Medicine in Tanzania
It has been a difficult week on the medicine service at Muhimbili Hospital, Tanzania’s largest hospital. I’ve been doing rounds with the medical team every Tuesday and Friday morning for the past three weeks. It’s generally similar to medical rounds in the States. Our team consists of a 1st year resident, called an ‘intern’, a 2nd year resident, called a ‘registrar’, a supervising physician, and myself. We spend about 5-10 minutes at the bedside of each patient. The intern or registrar presents the case by giving a 1-2 minute overview. Then, we’ll ask the patient additional questions, discuss the case, and decide on a diagnosis and plan of action.
The medicine practiced here is quite different from the medicine I’d learned in Seattle. Not only are many of the cases and diagnoses different (many things here we don’t see in the US), but also the ability to work up the patient is limited, particularly with laboratory tests. Basic laboratory tests takes about 3 to 5 days from the time the sample is taken to the time the results are returned to the doctor. Similar lab tests in Seattle would take about 3-6 hours, depending on the test. The supervising physician recently said, “There is little point to getting serum electrolytes when it takes 3 days for the results to return. What would you do with the results at that point?” Electrolytes are routinely drawn each morning on hospitalized patients in the US, so corrections can be made rather quickly.
The physical conditions in the hospital are dilapidated, to say the least. The medicine ward is a row of beds along a long wall of open windows. None of the windows have screens and most of them having missing panes of glass. The beds are about 2 feet apart with a thin mattress and bloodstained sheets. There are no electricity outlets, oxygen tanks, or monitors. A basic ‘pulse-ox’ machine (measures pulse and oxygen saturation) is simply not available. The only piece of equipment they have is a sphygmomanometer, to measure blood pressure. In addition, patients are required to pay for their lab tests and some basic medications. A patient must rely on relatives to bring food, but there is a back up plan if patients don’t have any visiting relatives. I’ve already concluded that having a relative who visits the patient is probably the patient’s best prognostic factor.
This week we had a particularly difficult case. On Tuesday, our first patient had a distended abdomen and was clearly in a bit of distress. She was an older diabetic with signs of diabetic retinopathy (some mild blindness), and we thought she was probably in acute renal failure. I mentally ran through the series of lab tests we might order in Seattle. Then, I realized none of these lab tests would be completed quickly, and we shouldn’t wait 3 to 4 days for lab results with this patient. There is no intensive care unit in Tanzania. In order to manage this patient properly, we need to know the status of her kidneys, liver, and pancreas, at least, all of which require lab tests. We probably looked somewhat befuddled, because she looked up at us and said, “so what are we going to do next?” An ultrasound of her kidney would take days and dialysis of her blood was not even an option. We gave her more fluids and ordered the lab tests.

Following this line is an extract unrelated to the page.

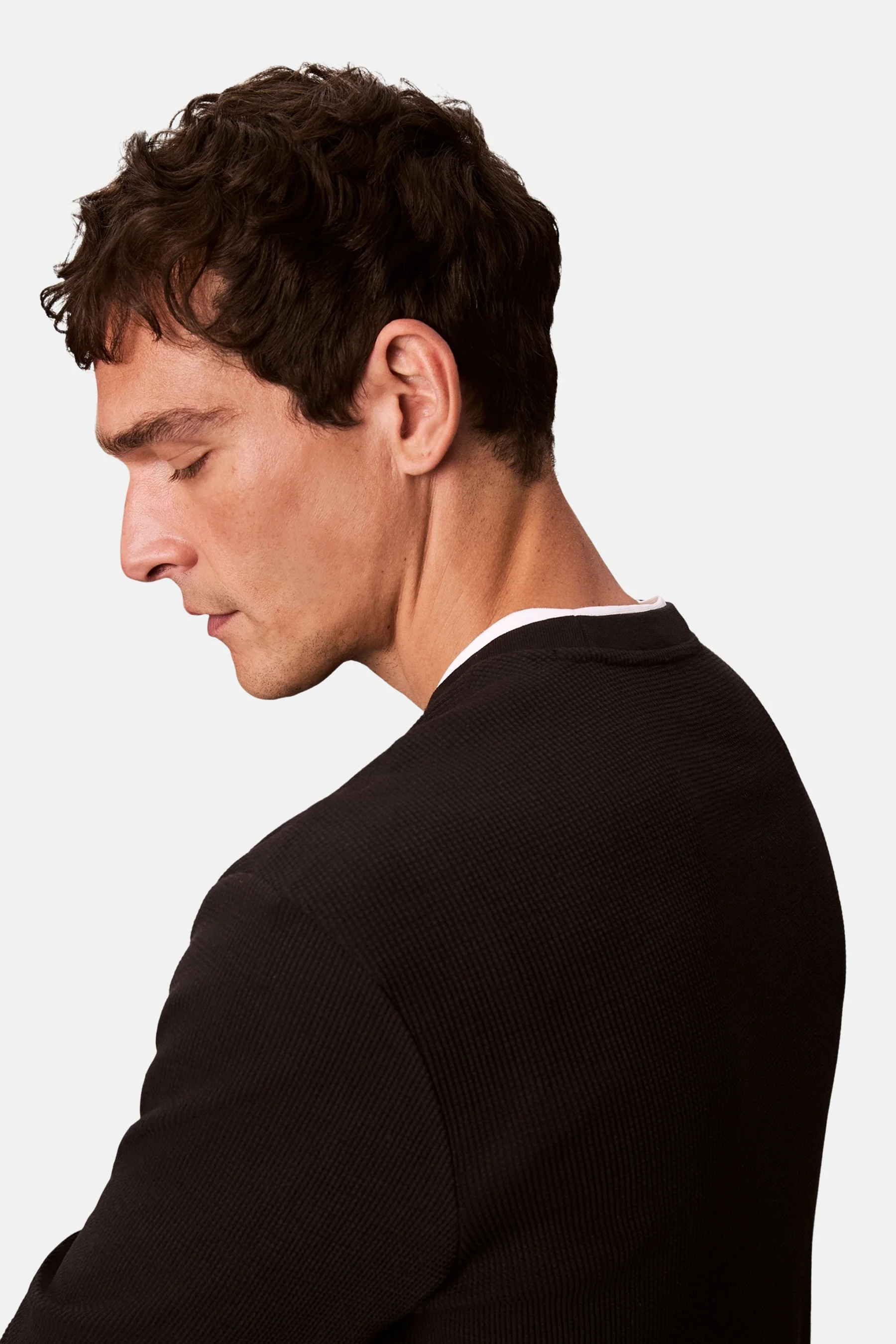 T-shirt met lange mouwen - zwart - Image 4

Friday morning the first bed was empty. “She died on Wednesday”, the registrar said. “Did you get the lab results?” I wanted to know what happened for when we face this again. “Well, you see, the problem is paying”, he said, “She had no relatives here to pay for the tests”. So this patient, who probably would not have died if she came to the hospital in Seattle, died because the lab couldn’t turn results around any faster than 3 days and because there were no family members to pay for the results. We never had a diagnosis or cause of death for this patient. It was completely unacceptable in my Western opinion.
This patient didn’t need to die. It really wasn’t her turn. The lack of proper medical care and testing, by my team, made her death even worse. I was pissed off and kicking myself the rest of the day. I went through the case over and over in my head trying to figure out what we should have done differently. No tangible answers.
I suppose over the next 9 months I’ll become more comfortable practicing medicine without any short-term lab results. As for now, it’s rather difficult.